# Your objective
Produce the records below again, word for word, but stop after the line that contains "FUEL TANK TOP".

○ ○ ○ ○

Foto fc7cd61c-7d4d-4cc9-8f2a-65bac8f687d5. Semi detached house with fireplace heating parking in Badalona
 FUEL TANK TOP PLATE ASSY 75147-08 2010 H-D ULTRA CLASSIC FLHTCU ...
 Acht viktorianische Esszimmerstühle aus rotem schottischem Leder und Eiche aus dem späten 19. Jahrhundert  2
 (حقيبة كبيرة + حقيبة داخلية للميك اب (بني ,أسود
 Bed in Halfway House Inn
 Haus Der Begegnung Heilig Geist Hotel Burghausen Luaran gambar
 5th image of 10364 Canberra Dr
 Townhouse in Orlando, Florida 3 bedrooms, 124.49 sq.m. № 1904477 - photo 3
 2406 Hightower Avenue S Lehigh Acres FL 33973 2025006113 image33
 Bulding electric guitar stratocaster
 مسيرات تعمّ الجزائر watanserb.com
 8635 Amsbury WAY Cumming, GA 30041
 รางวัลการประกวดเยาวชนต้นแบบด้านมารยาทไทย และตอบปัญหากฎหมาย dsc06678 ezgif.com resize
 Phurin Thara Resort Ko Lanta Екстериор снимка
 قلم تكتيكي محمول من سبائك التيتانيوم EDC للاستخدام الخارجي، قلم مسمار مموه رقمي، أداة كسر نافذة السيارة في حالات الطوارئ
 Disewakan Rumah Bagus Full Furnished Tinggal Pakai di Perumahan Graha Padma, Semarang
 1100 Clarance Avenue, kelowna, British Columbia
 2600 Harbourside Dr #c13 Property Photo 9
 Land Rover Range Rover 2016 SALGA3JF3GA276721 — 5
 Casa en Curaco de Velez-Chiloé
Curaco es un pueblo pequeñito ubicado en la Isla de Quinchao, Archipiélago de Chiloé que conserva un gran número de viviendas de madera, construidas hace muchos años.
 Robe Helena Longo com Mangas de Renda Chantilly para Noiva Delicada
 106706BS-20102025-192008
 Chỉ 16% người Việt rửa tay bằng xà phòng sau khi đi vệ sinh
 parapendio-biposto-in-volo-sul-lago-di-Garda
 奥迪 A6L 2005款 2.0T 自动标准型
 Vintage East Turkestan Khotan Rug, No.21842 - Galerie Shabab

○ ○ ○ ○

# Solution to this exercise
Foto fc7cd61c-7d4d-4cc9-8f2a-65bac8f687d5. Semi detached house with fireplace heating parking in Badalona
 FUEL TANK TOP PLATE ASSY 75147-08 2010 H-D ULTRA CLASSIC FLHTCU ...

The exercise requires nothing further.